The Moore County Board of Education may re-evaluate its policy regarding the weight of those exams to ease students’ transition from middle to high school. By state law, EOC scores have to comprise at least 20 percent of the grade in their respective courses.
“Through feedback and meetings with our parent advisory councils and student advisory councils, parents, particularly parents of our socioeconomically disadvantaged students, are telling us that they’re not prepared for the challenge of high school in terms of the weight,” said Doug Massengill, principal at West Pine Middle. “There’s a sticker shock that occurs because these tests have never counted.”
That isn’t the first complaint surrounding North Carolina’s testing system. Over the years, the state has made local districts and individual schools increasingly accountable for student performance.
Since 2014, it has done that through school report cards, assigning a letter grade to every public school in the state each fall based on student performance on that year’s tests.
Students are now faced with a series of similar tests throughout the year, both to assess progress and to prepare students for the hours-long end of year test period. That has drawn ire from parents, students and even local school staff alike.
“Have there been any discussions on the state level in terms of looking at these tests and the validity of them?” asked Chair Helena Wallin-Miller. “One of the things that people have been very concerned about is the amount of testing. Has this come up at all on the legislative level?”
The percentage of students with a passing score or better counts for 80 percent of the letter grade on each school’s report card. The other 20 percent is based on whether students generally met, failed to meet or exceeded academic growth standards during the year.
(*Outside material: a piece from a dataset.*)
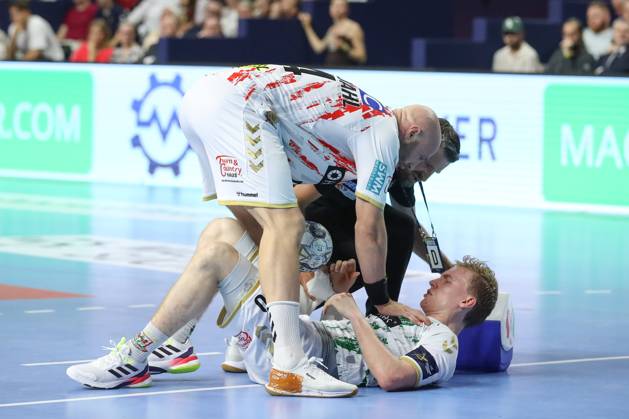 14 06 2025, xtgx, Handball, EHF Champions League semi-final 2, FC Barcelona SC Magdeburg v l Gisli Thorgeir Kristjansson Magdeburg, 10 injured Injury Cologne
That system has remained in place since school report cards were introduced, despite superintendents statewide lobbying to balance or even reverse that ratio.
“If we can judge the discourse that relates to the formula for letter grades, we have a General Assembly that seems quite confident in this 80-20 balance between proficiency being 80 percent and growth being 20 percent,” said Superintendent Bob Grimesey. “That would signal that the General Assembly is quite satisfied with the testing program.”
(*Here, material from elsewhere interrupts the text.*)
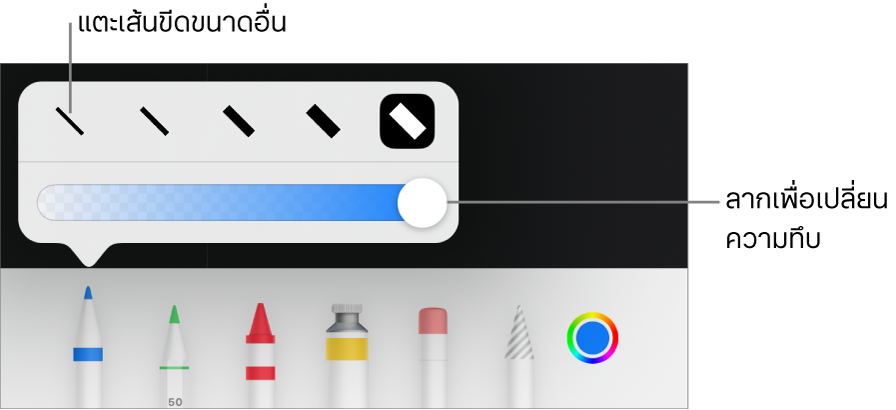 ตัวควบคุมสำหรับเลือกขนาดเส้นขีดและแถบเลื่อนสำหรับปรับความทึบ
Student test scores are also the basis for the state’s system of granting financial incentives to teachers in subject areas considered critical — fourth- and fifth-grade reading and math, and middle school math. Based on student growth on EOGs, the top 25 percent of teachers in each district are eligible for bonuses of over $2,000.
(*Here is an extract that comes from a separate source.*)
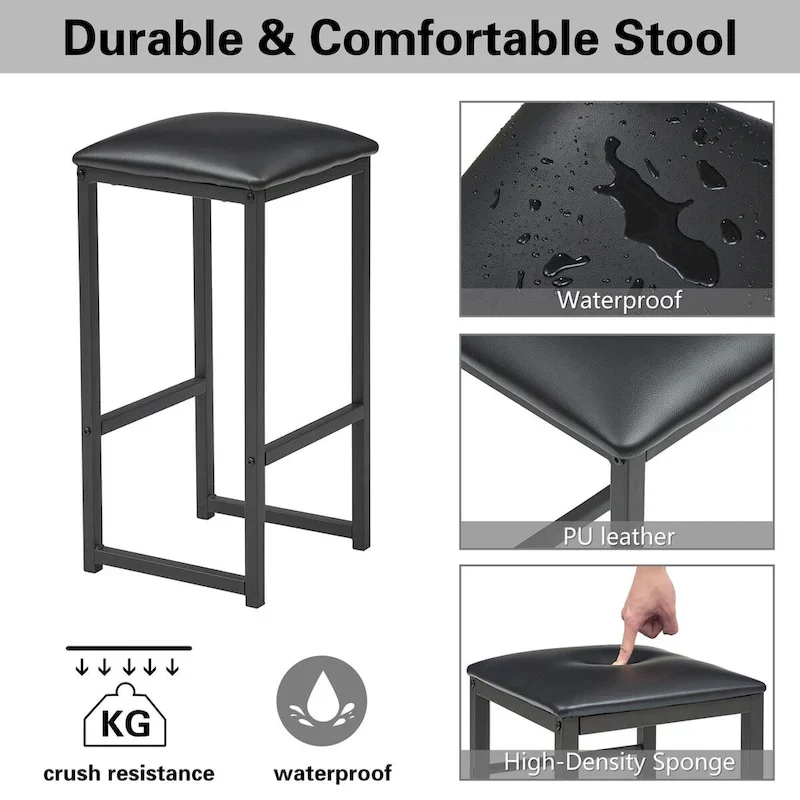 VECELO 3-Pieces Counter Dining Table Set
While the state may be content with testing as it is, some students and parents aren’t. Though it isn’t common, some schools are reporting that students — with parental support — refuse to participate when their class is taking the EOG.
According to Massengill, that included about four students at West Pine Middle last year. In advisory council meetings, the school has found that some students are apathetic about spending hours taking a test when a good score will not affect their grade.
“I think increasingly we have parents that are exercising their right to become informed … and as they do so those that are anti-state accountability are encouraging their students to engage in this practice,” he said.
“We have to present the test to them, in some cases multiple times, where they sit there during the course of the entire testing session. When that occurs the score is calculated as the lowest possible score, both for the school’s proficiency and for the teacher’s growth.”
Beginning to give the the end-of-grade test weight in the middle school grades, Grimesey said, could be an “intermediate incentive” for students to take the test seriously without the results necessarily constituting a quarter of their final grade.
“We have parents whose children do care about the test, and the parents care about the test, and they’re feeling as if their children are going to high school and they’ve had no warmup,” he said.